Poderia até ser um clichê de “ah, se ela falasse”, mas a última coisa que sairia dela seria fofoca; tudo é explícito e público. Optaria por gritos de raiva. E, ok, para não ser tão radical, vamos dizer que ela poderia cantar. Quem sabe Beatles? Help.
Aquela que representa o Senhor Diretas, o poeta, o deputado que peitou o regime militar, deveria estar na lista oficial de servidores do parlamento, com auxílio à insalubridade e um bônus de sei lá o quê. Arranjem algo, ela merece.
Afinal, ela já viu brasileiro erguendo bandeira americana com orgulho, quem usa a voz a serviço do medo falando em censura, o sentido de direitos humanos virando de ponta-cabeça feito ginasta olímpica e, se prepara que lá vem: infame sendo vangloriado, aplaudido e por pouco não tendo as botas lambidas ao vivo — alguém por favor tira essa cena da minha cabeça.
Querida estátua do Seu Ulysses, perdão não ter direcionado a mensagem desde o início a você. Mas é que antes era preciso detalhar um pouco do sofrimento que a vejo passar e a vida, ainda que inanimada, sendo mais difícil do que conjugar o verbo tumulto.

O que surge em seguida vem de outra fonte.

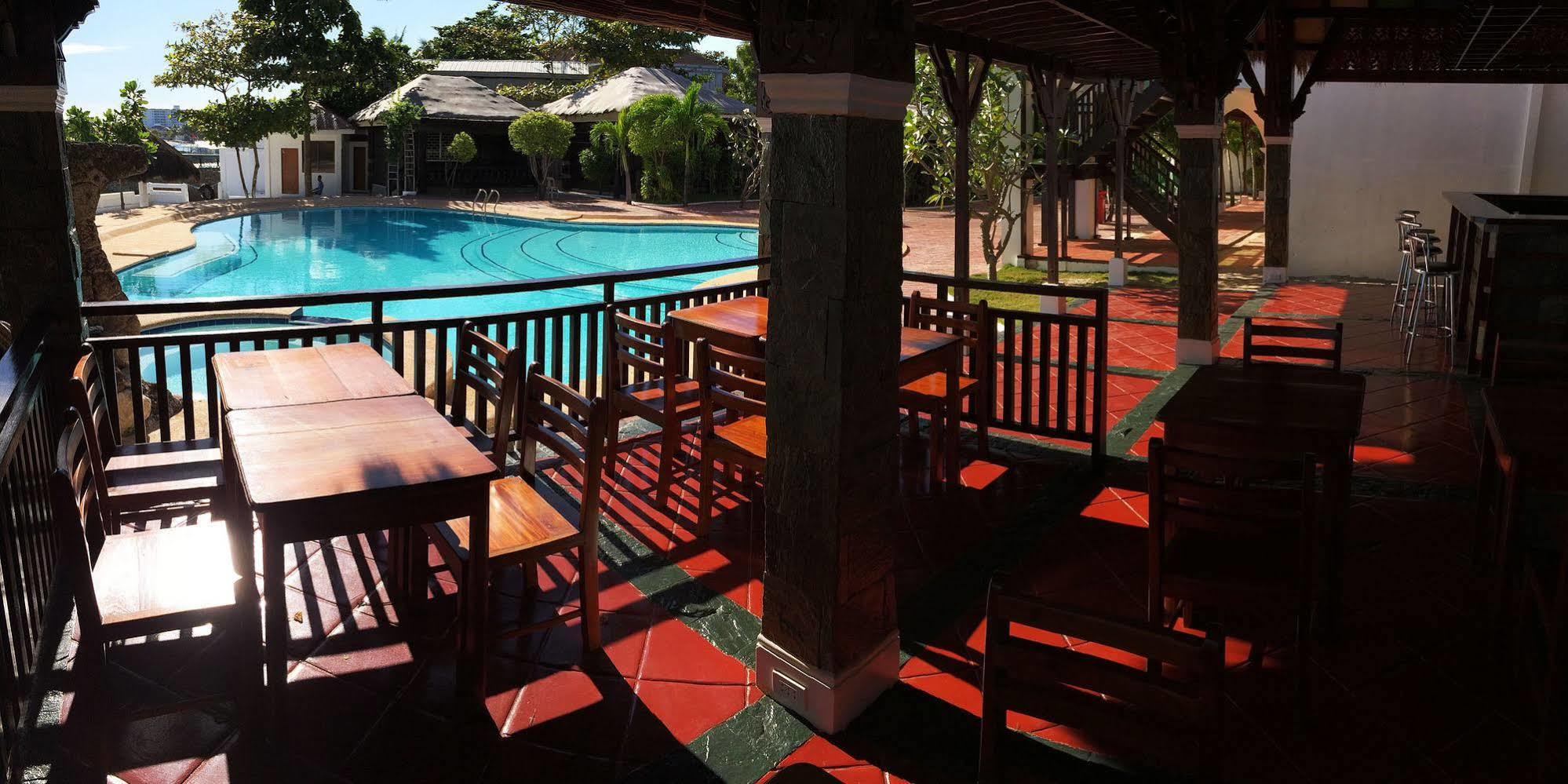 บลู การ์เดน รีสอร์ต Hotel มักตัน ภายนอก รูปภาพ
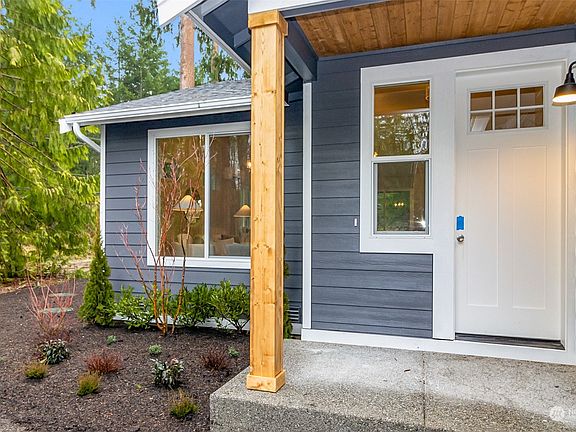4th image of 19119 92nd Avenue NW #B
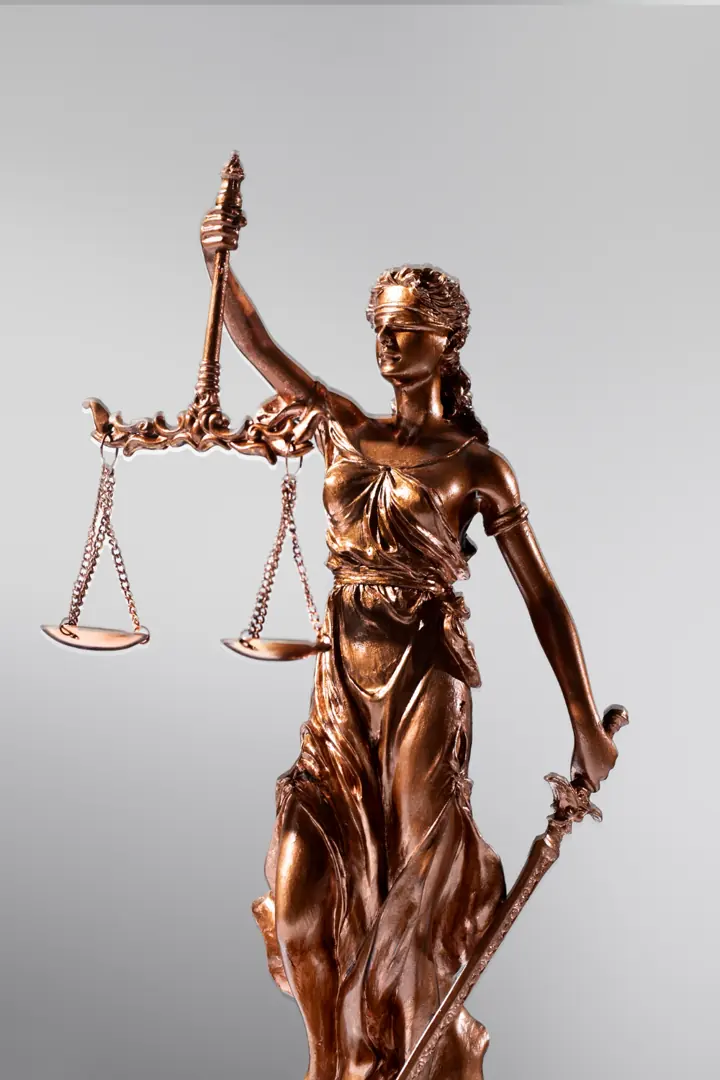 Bronze Lady Justice statue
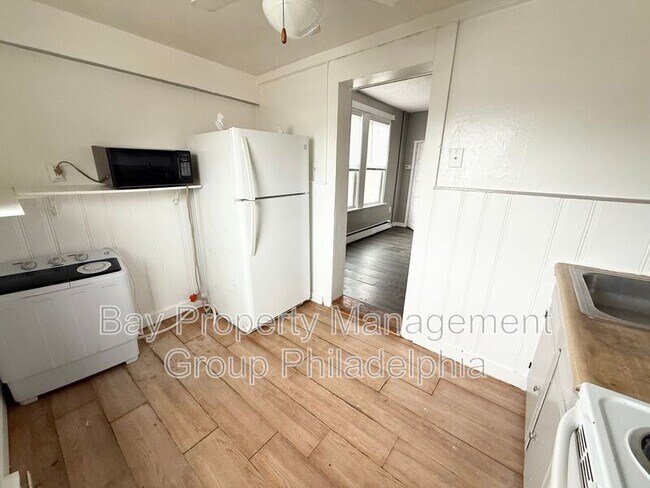 Building Photo - 229 Ridley Ave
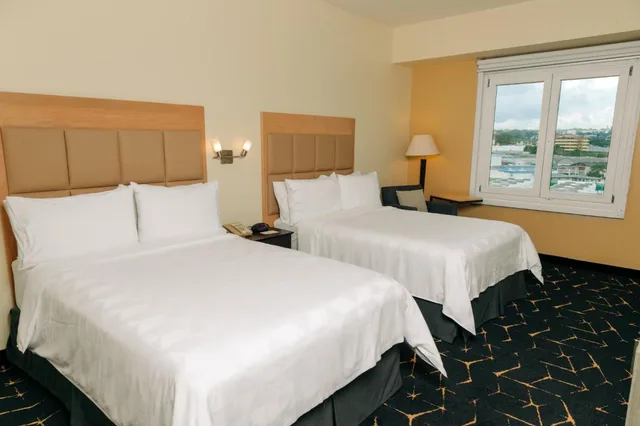 غرفة قياسية بسريرين مزدوجين بإطلالة، Holiday Inn San Salvador An Ihg Hotel 1/5
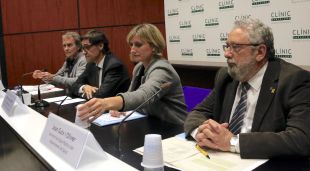 El ministre de Sanitat, Salvador Illa, i la consellera de Salut, Alba Vergés, amb el secretari de Salut Pública, Joan Guix, i el director del Centre de Coordinació d'Alertes Sanitàries, Fernando Simón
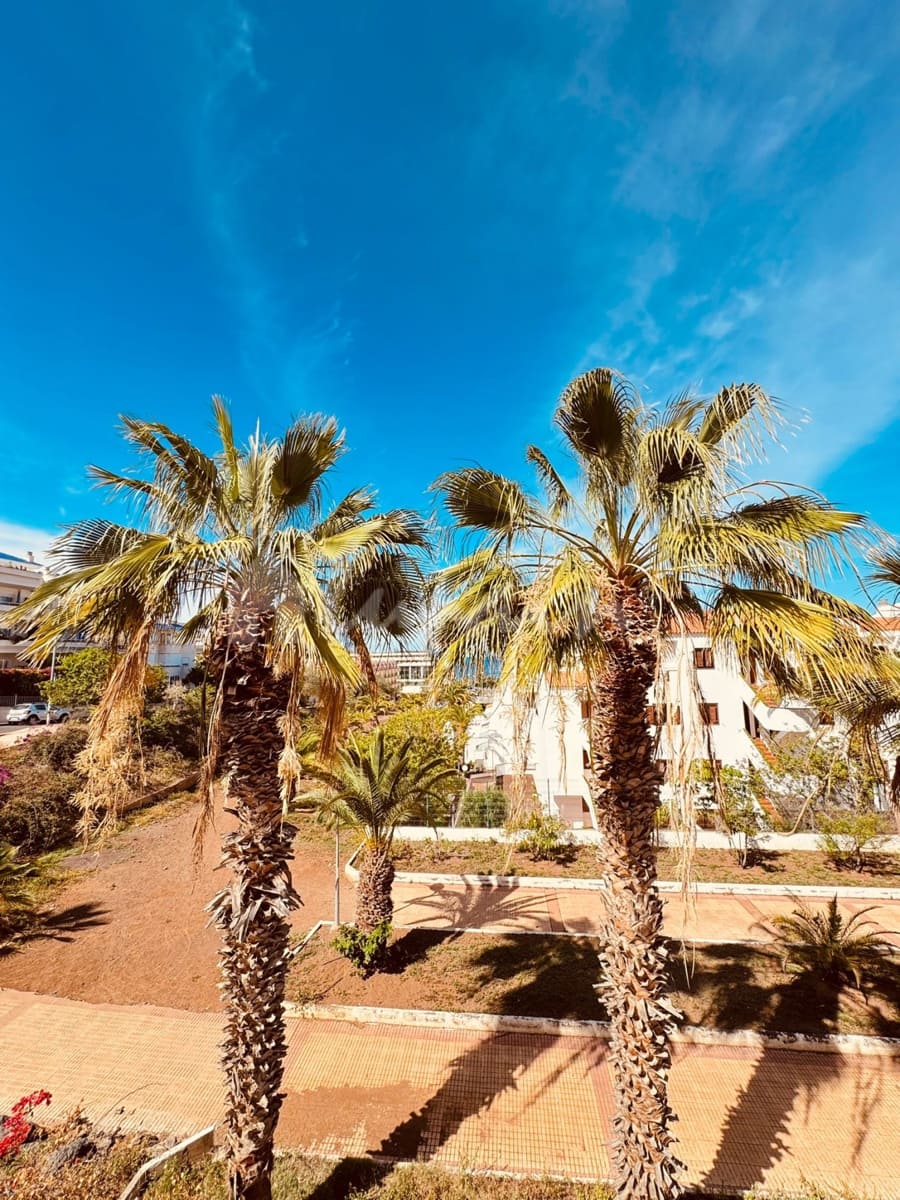 1 chambre Appartement à vendre à Los Cristianos avec piscine - 310 000 € (Ref: 9632649)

Se bem que tumulto sempre fez parte da trajetória daquele que você encarna em pedra. Afinal, ninguém espera só calmaria após propor anti-candidatura contra quem governava com boina, farda e sangue.

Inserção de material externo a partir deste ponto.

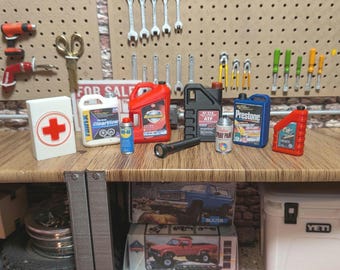 1:10 Scale RC Accessory Container Pack - Scale RC Accessories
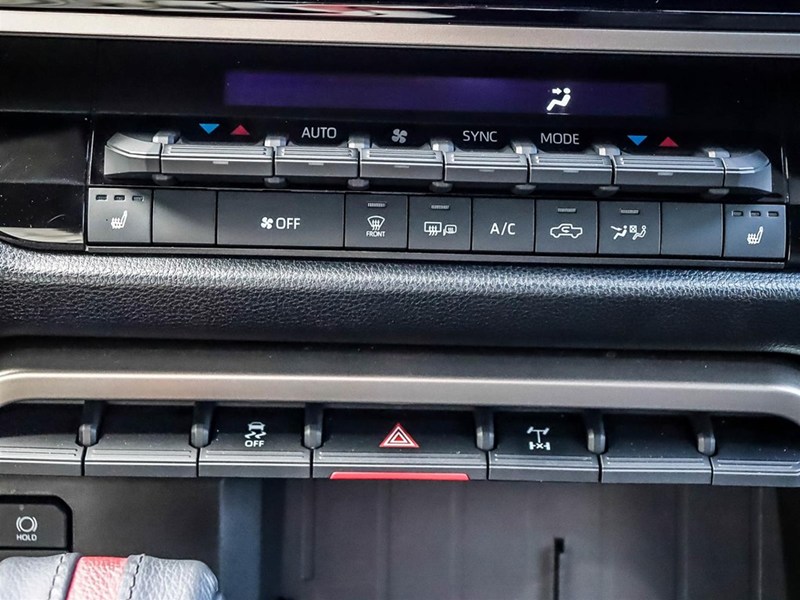 2026 Toyota Tundra 4X4 Crewmax SR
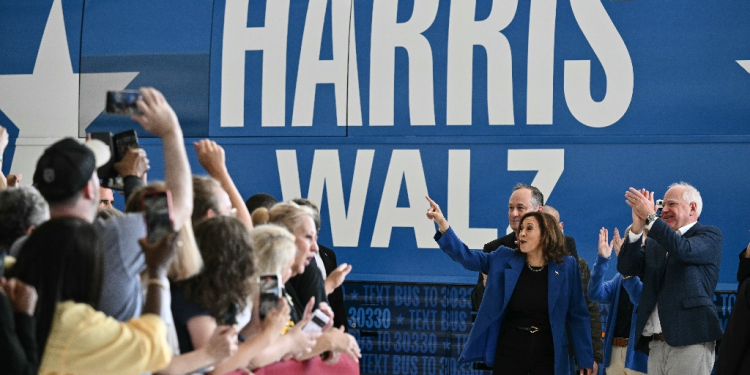 US Vice President Kamala Harris, Second Gentleman Douglas Emhoff and Minnesota Governor Tim Walz wave to supporters at Pittsburgh International Airport on August 18, 2024 / ©AFP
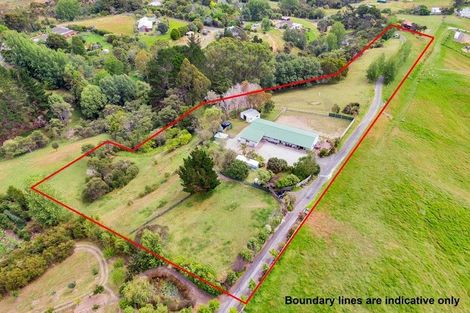 Photo of property in 69 Pipitiwai Drive, Helensville, Kaukapakapa, 0871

Se observar direito dá para entender o motivo de estar recolhida num cantinho, deve ser vergonha de alguns colegas dos tempos modernos. Falta de disciplina e hierarquia? Ah não, melhor não falar nisso que dá gatilho. Desculpa, nada de gatilho porque lembra a arma, e lá tem uma bancada bala no tema. Nada de arma e bala porque me vem logo à cabeça indicador para frente e polegar erguido. Traumas, né.
Aqui tudo afirmo de pé junto, mas com os dedos cruzados, claro, porque não tá dando para confiar nem em escultura. Vai que cai em cima de mim e depois ainda me acusa de impedir a liberdade de esmagar os outros.

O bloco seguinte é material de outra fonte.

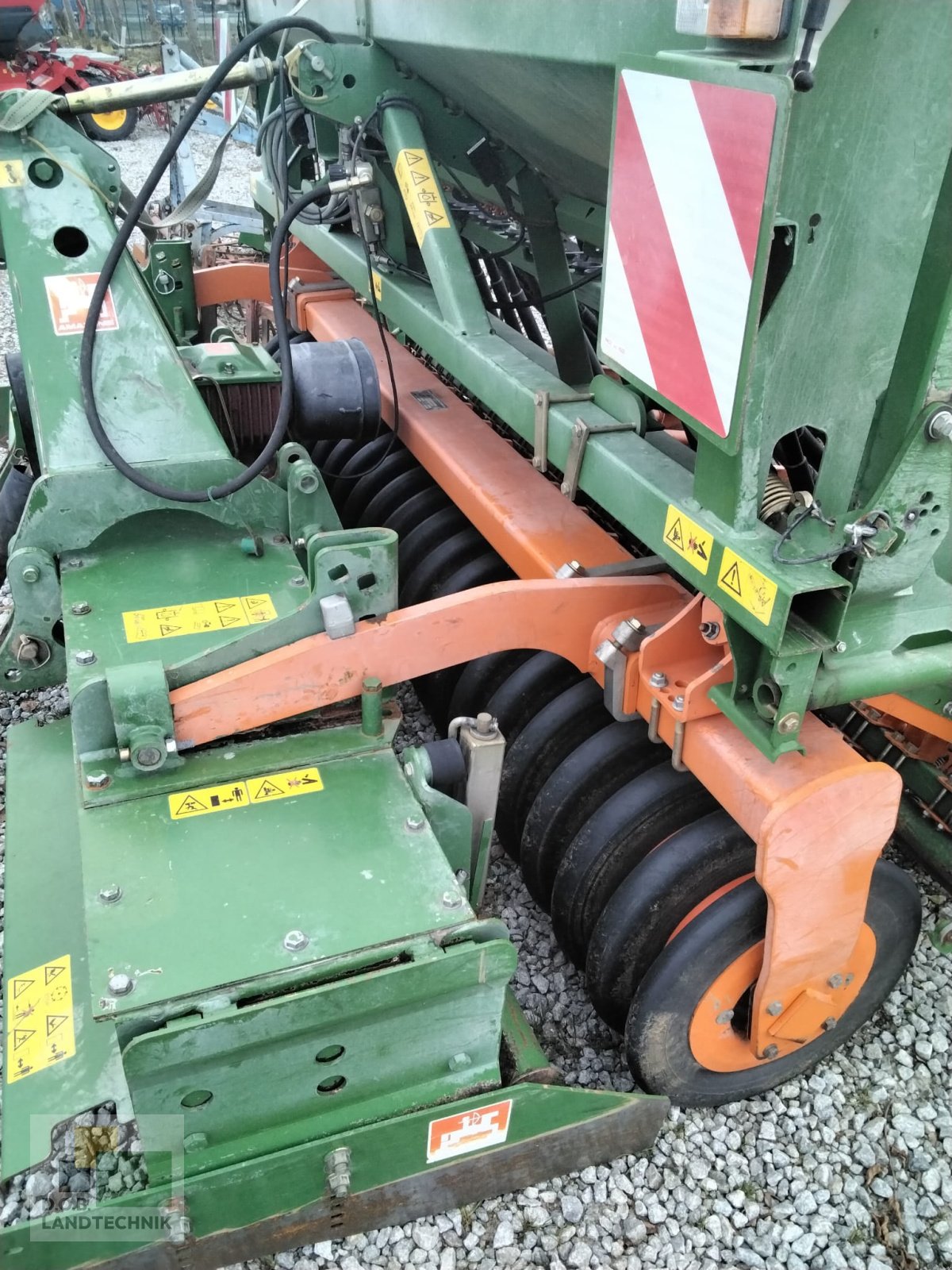 Drillmaschinenkombination des Typs Amazone KE303 + AD303 Super, Gebrauchtmaschine in Regensburg (Bild 7)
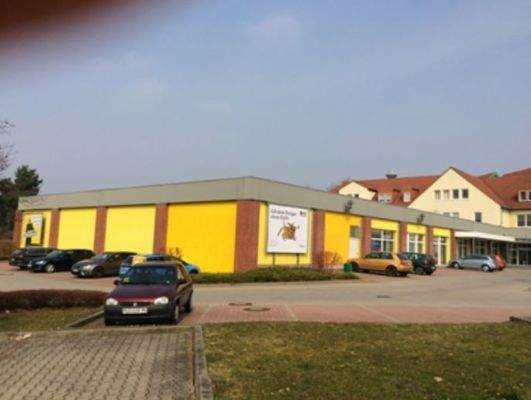 derzeit leer stehender Einkaufsmarkt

Mas chega de baixo astral, são um metro e oitenta e cento e dez quilos de imponência. Você tem história, tem sentido, tem nome. É muito mais mais do que só uma imagem, um peso em cima do tapete verde com o olhar distante como quem procura espaço para fuga, sair desse local sem luz natural e cair numa praia, pegar um pouco de sol, embora o bronze esteja super em dia.
Continua com esse queixo erguido e a carequinha apontada ao teto. Tenha esperança, tenha fé, coragem e tudo mais que um bom coach diria. Vamos pensar no seu mindset, quem sabe não seja a grande questão. Ressignificar para sobreviver. A mesma mão que serve para hi-five também pode ser um grande aviso de “parem”.
Nota ao leitor: A estátua em homenagem a Ulysses Guimarães foi inaugurada na Câmara dos Deputados em 7 de outubro de 2019. Ulysses foi deputado federal por dez mandatos e presidiu o Congresso constituinte em 1988. Foi um árduo defensor da democracia e da constituição.